The Federal Government of Nigeria (FG) through the central bank ,has concluded all plans to raise a total sum of N62.43 billion ($171m) through an auction of Treasury bills next Wednesday, 16 August 2017.
The nation’s apex bank explained that it plans to offer N32.43 billion in three-month paper and N30b on a six-month bill, while the results of the auction will be announced the same day, as allotment letters would be issued for successful bids on Thursday, 17 August, 2017.
The bank, in a statement, said all money market dealers should submit bids through the CBN S4 WEB INTERFACE between 9:00 am and 11:00 am next Wednesday, 16 August.
The CBN says each bid must be in multiple of N1,000 subject to a minimum of N50,001,000 and authorized money market dealers are to submit multiple bids.
Treasury bills are short term debt instruments used to provide short-term funding for the government and control money supply in the economy.
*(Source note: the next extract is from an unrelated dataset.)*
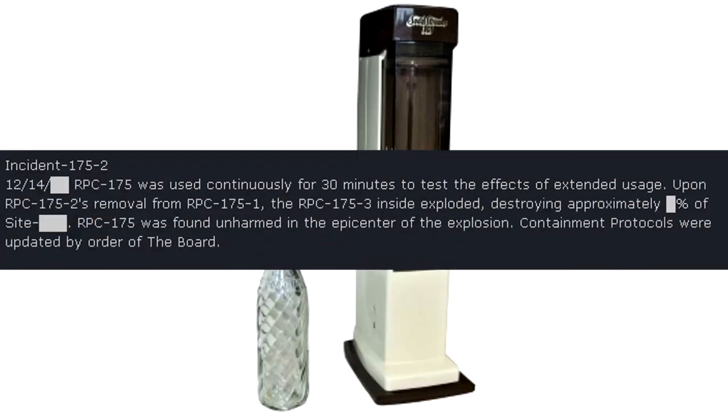Incident 175-2. December 14th, RPC-175 was used continuously for 30 minutes to test the effects of extended usage. Upon RPC-175-2's removal from RPC-175-1, the RPC-175-3 in sight exploded, destroying approximately a significant portion of the site. RPC-175 was found unharmed in the epicenter of the explosion. Containment protocols were updated by order of the board.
Consequently, financial experts have raised concerns over the continuous sales of T bills at yields higher than the country’s inflation rate, they believed the CBN will pay between 13.42-18.54 per cent as a strategy to lure yield-hungry investors and attract dollar inflows.
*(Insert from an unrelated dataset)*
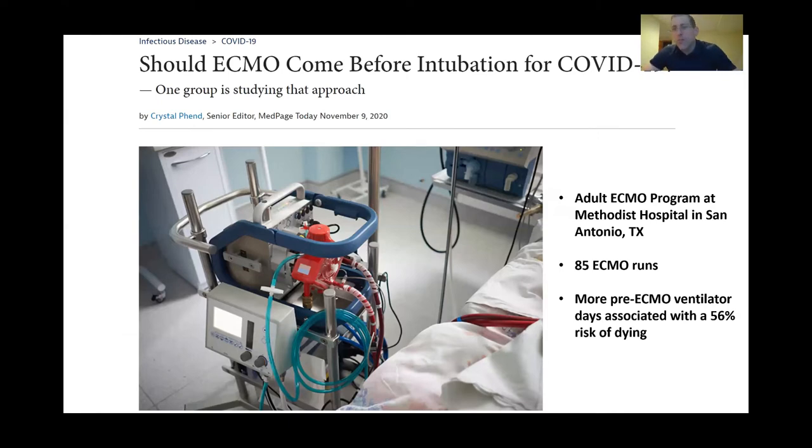The concept of preventing lung damage if someone fails high-flow nasal cannula is so important that some centers have gone straight to ECMO to prevent the lung damage of L-to-H type progression. This is pre-publication data: the ECMO program at Methodist Hospital in San Antonio has now had 85 runs of ECMO. They noticed that the longer an individual was on mechanical ventilation prior to going on ECMO, the higher the risk of death and lung damage. Because of those observations, they have progressed to a trial where individuals, if they meet criteria, will go on ECMO before going on mechanical ventilation.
However, the sales of six and 12-month Treasuries to the tune of N204.96b ($650.67m) in bills, on 19th July 2017, was evident of the experts’ claims, as latest annual inflation rate had eased to 16.1 per cent.
Traders have suggested that the sale of Treasury bills left some banks short of cash, forcing them to scramble for funds to pay for their T/bills and dollar purchases from the interbank market; regrettably, that reaction inadvertently pushed up the cost of borrowing amongst lenders.
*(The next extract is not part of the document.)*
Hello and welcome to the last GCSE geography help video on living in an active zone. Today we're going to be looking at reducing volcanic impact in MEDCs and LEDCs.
According to renowned economist and Lagos-based industrialist, Henry Olujimi Boyo, “Ironically, despite the clearly shylock interest rates, inappropriately attached to these risk free government loans, the borrowed funds will be inexplicably simply sterilized from use by CBN, so that the system’s perceived, excess money supply, will not increase the already pervasive, oppressive social pain of inflation, beyond the reported horrors, of the still largely remote impact of terrorism on Nigerians.
He added that these humongous CBN loans, exclude the strident, and regular incursions of the Debt Management Office (DMO) when it also borrows, for longer tenors, at equally disturbing rates of interest, to fund the projected, domestic component of the 2017, N2.85tn budget deficit; it is disturbing that a portion of these expensive debt, will simply be applied to plain consumption expenditure.